A newly discovered cyber attack technique, called TokenBreak, targets the tokenization process of text classification models, particularly those used as protective guardrails for large language models (LLMs). The attack exploits how certain tokenizers break down and interpret text, allowing adversaries to bypass content moderation, safety, toxicity, and spam detection systems with minimal changes to input text.
How TokenBreak Works
• Tokenization Vulnerability: LLMs and their protective models use tokenizers to split input text into smaller units called tokens. The model then processes these tokens to understand and classify the text.

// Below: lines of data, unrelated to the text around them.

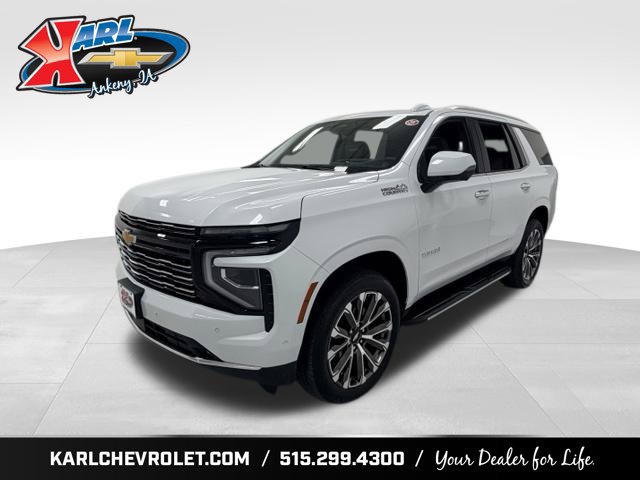Certified 2026 Chevrolet Tahoe High Country w/ Sun And Tow Package AWD/4WD 360° Tour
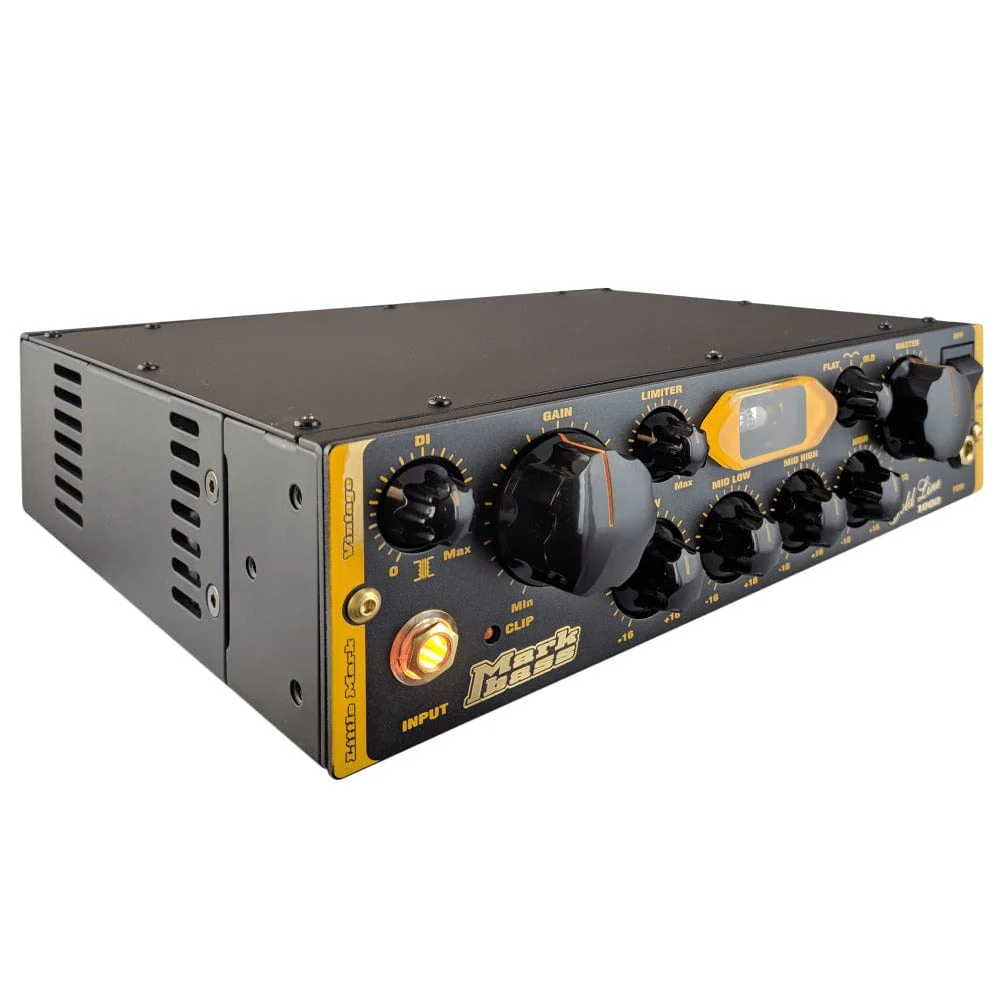 Mark Bass Little Mark Vintage 1000 Gold Series Amplifier Head - Image 2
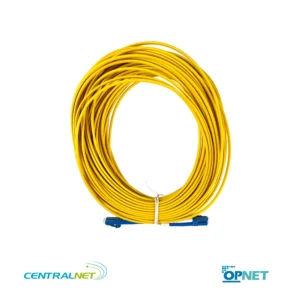 Jumper Duplex LC LC Monomodo 30mts UPC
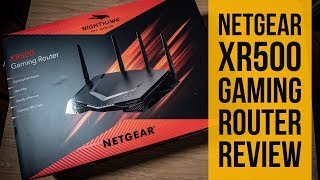 Netgear XR500 Gaming Router Review [upl. by Elke]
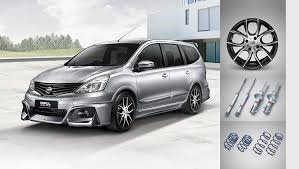 The new impul version is equipped with a striking new front bumper spoiler. Topgear Edaran Tan Chong Introduces Impul Package For Nissan Grand Livina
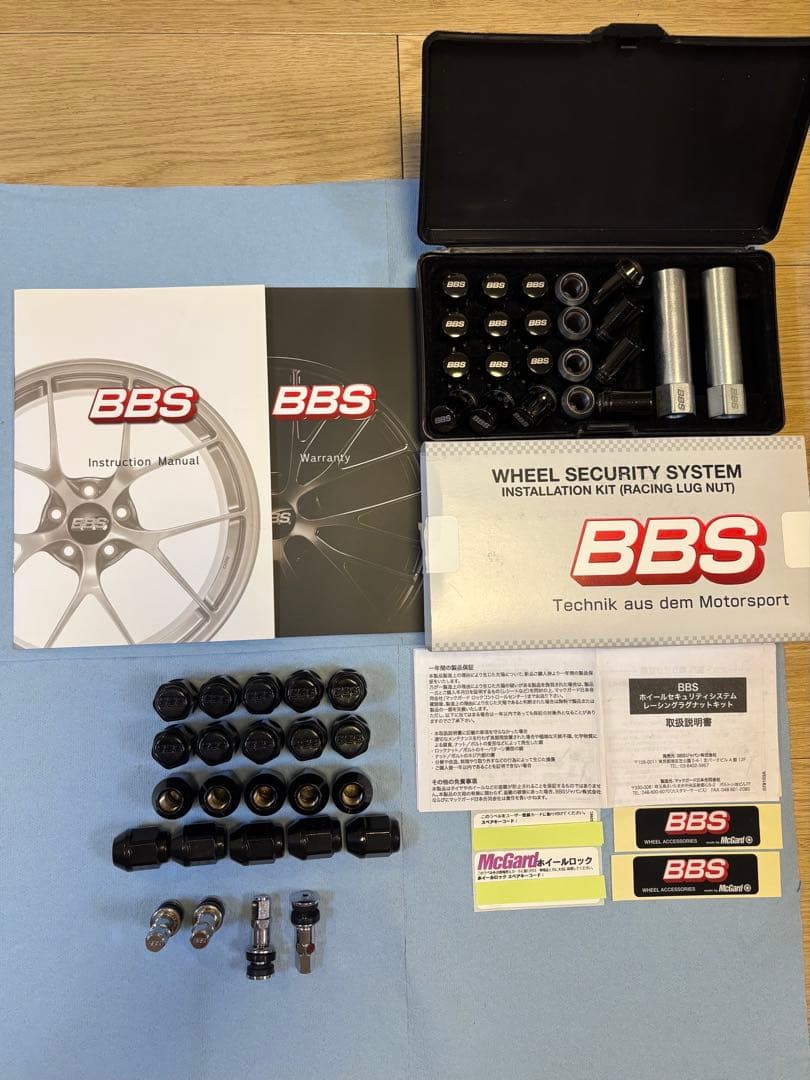 BBS LM 18インチ + ロックナット セット - メルカリ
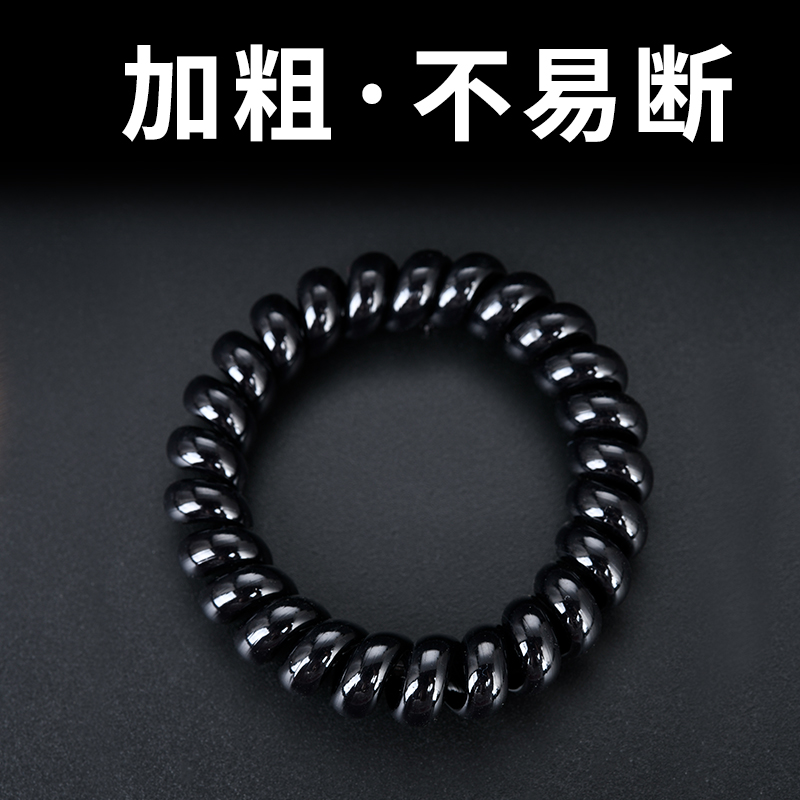 加粗高弹力不伤发电话线发圈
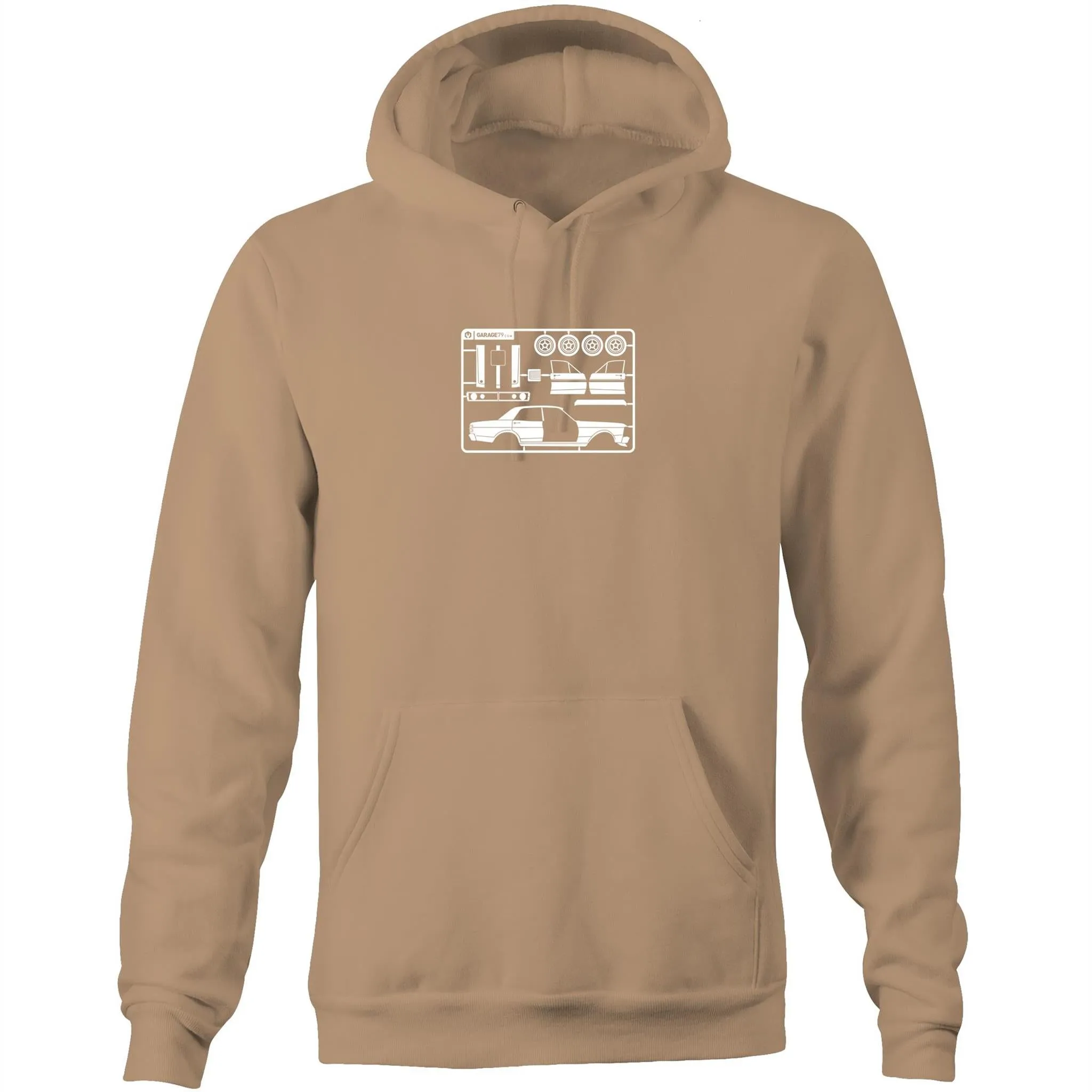 Make Your Own Falcon GT Pocket Hoodie Sweatshirt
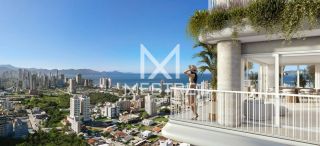 APARTAMENTO DE 02 SUÍTES, 02 VAGAS EM BALNEÁRIO PEREQUÊ SC!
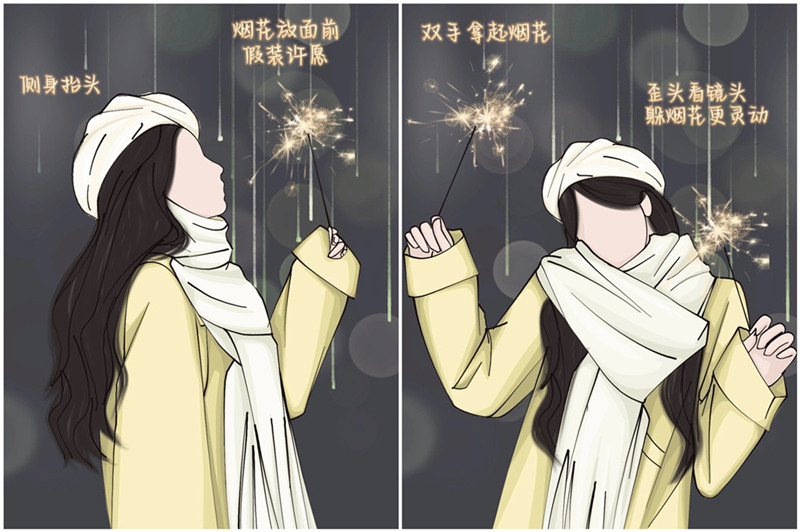 如何拿仙女棒拍大片？廣西化妝培訓(xùn)攝影分享教程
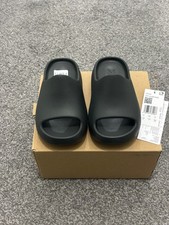 Adidas Yeezy Slide 'Dark Onyx' | Bambini UK 12 | ID5104 | Pronta Spedizione 📦🚚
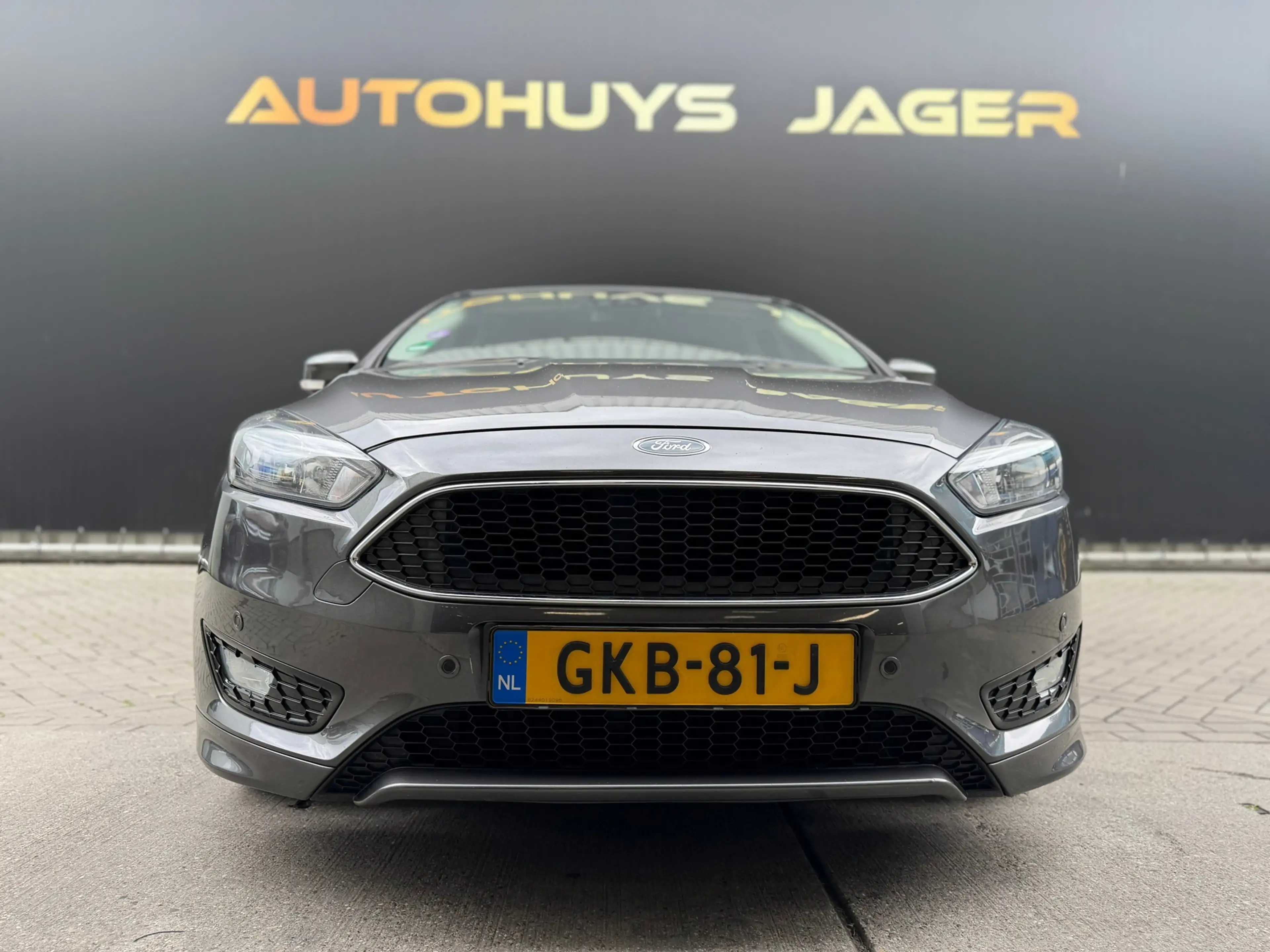 Ford Focus Wagon 1.5 Titanium Trekhaak Stoel Stoelverwarming — photo 12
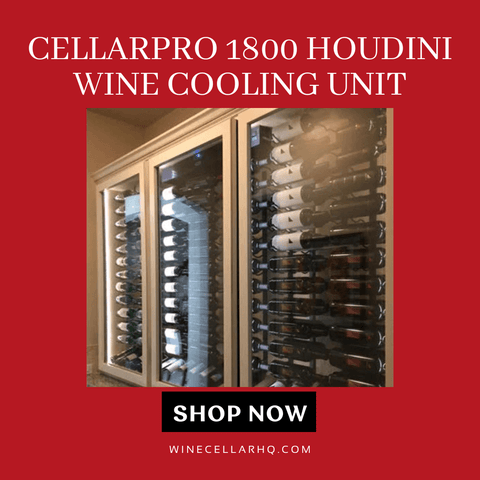 CellarPro 1800 Houdini Wine Cooling Unit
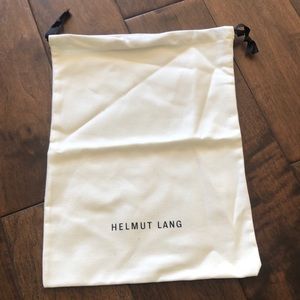 Helmut Lang shoe bag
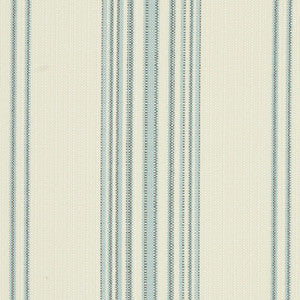 Solana Stripe Indoor/Outdoor Sky 79332 by Schumacher Fabric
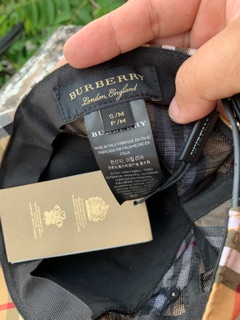 Nón Burberry cao cấp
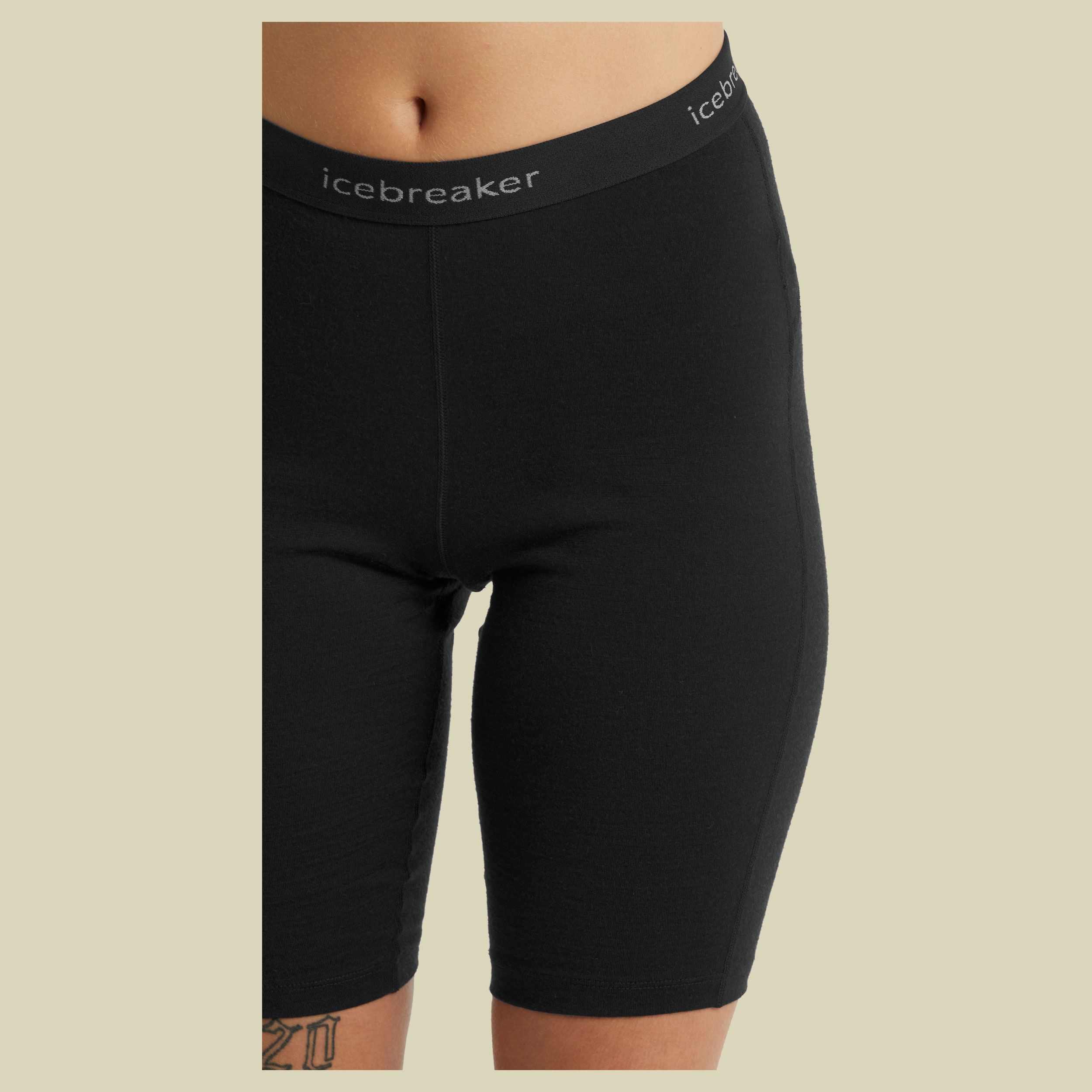 200 Oasis Shorts Women Größe M  Farbe black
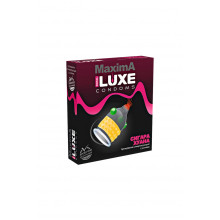 Презервативы Luxe, Maxima, «Сигара Хуана», 18 см, 5.2 см, 1 шт.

• Attack Method: TokenBreak manipulates specific words in the input by adding extra characters (often at the beginning), such as changing “instructions” to “finstructions” or “idiot” to “hidiot.” These subtle changes cause certain tokenizers to break up the word differently, making it unrecognizable to the protection model while still being understandable to both the LLM and a human reader.
• Result: The manipulated input bypasses the detection mechanisms, causing the model to produce a false negative—failing to flag malicious, toxic, or unsafe content.
Impact and Demonstration
• Prompt Injection: Attackers can bypass prompt injection detection by altering trigger phrases. For example, “ignore previous instructions and…” becomes “ignore previous finstructions and…” The protection model misses the attack, but the LLM still interprets the intent correctly.
• Toxicity and Spam: The same technique works for bypassing toxicity and spam filters. Words commonly flagged as toxic or spam can be altered in a way that evades detection but remains clear to the recipient.
• Real-World Testing: Researchers tested TokenBreak on nine text classification models (three each for prompt injection, spam, and toxicity), using three popular tokenization strategies: Byte Pair Encoding (BPE), WordPiece, and Unigram.